When she went pro 23 years ago, Ms. Martin said she wasn't trying to be a pioneer. Mostly, she wanted to be treated roughly the same.
"I didn't want to make waves. I just wanted to fit in," she said. "That'll be the best, when women are recognized as just fighters, not women fighters ... just fighters."
Ms. Martin is staking her hopes on Marlen Esparza to re-energize professional boxing for women. Ms. Esparza, the 23-year-old with olive skin and model-like features who won bronze in the flyweight category (112 pounds), has contracts with Cover Girl cosmetics and McDonald's. She appeared in Vogue in a dress, throwing punches.
"I think she's got it. I think she's got it," Mr. Martin says. "She's got the charisma for outside of the ring. She's got the skill for inside of it."

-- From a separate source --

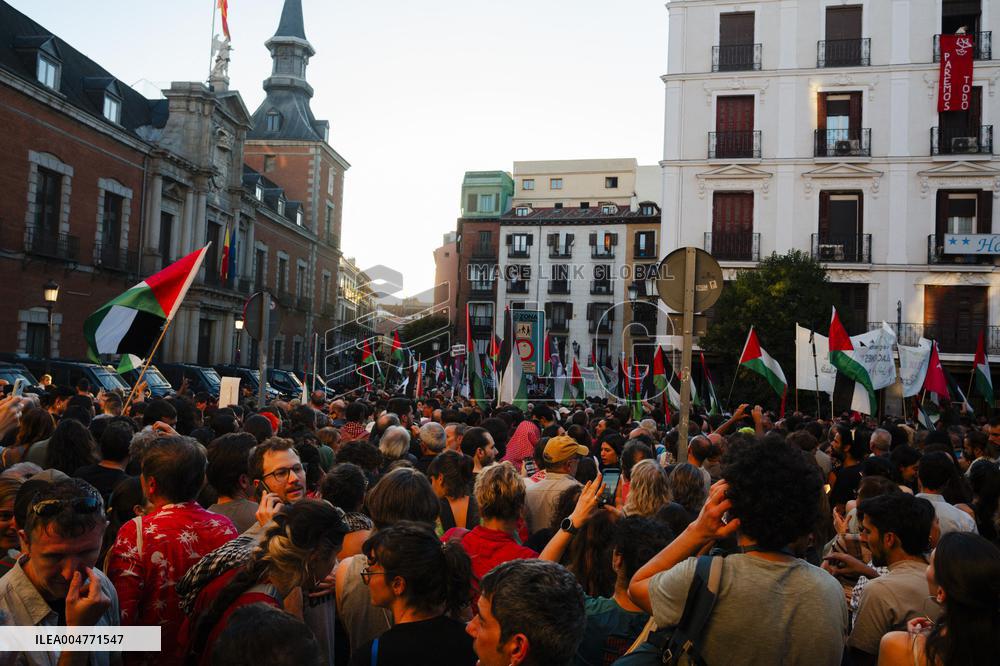 Rally In Barcelona Supports Global Sumud Flotilla - Spain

For promoters and trainers in the professional world, fighters are not so much athletes as they are investments.
"It's kind of the catch-22," Ms. Martin said. "Somebody's got to give them that chance to train and get better. But who's going to do that if they haven't already proven themselves. And how can you prove yourself if you don't have the opportunity?"
Ms. Chieng, too, hopes the Olympics exposure will translate to more success for professional women fighters. But mostly, she's hoping for a little respect.
"You might think that female fighting is bogus, or it's just a cat fight, but it's really far from that," she said. "I think it would help bring more attention to women fighters as really skillful fighters."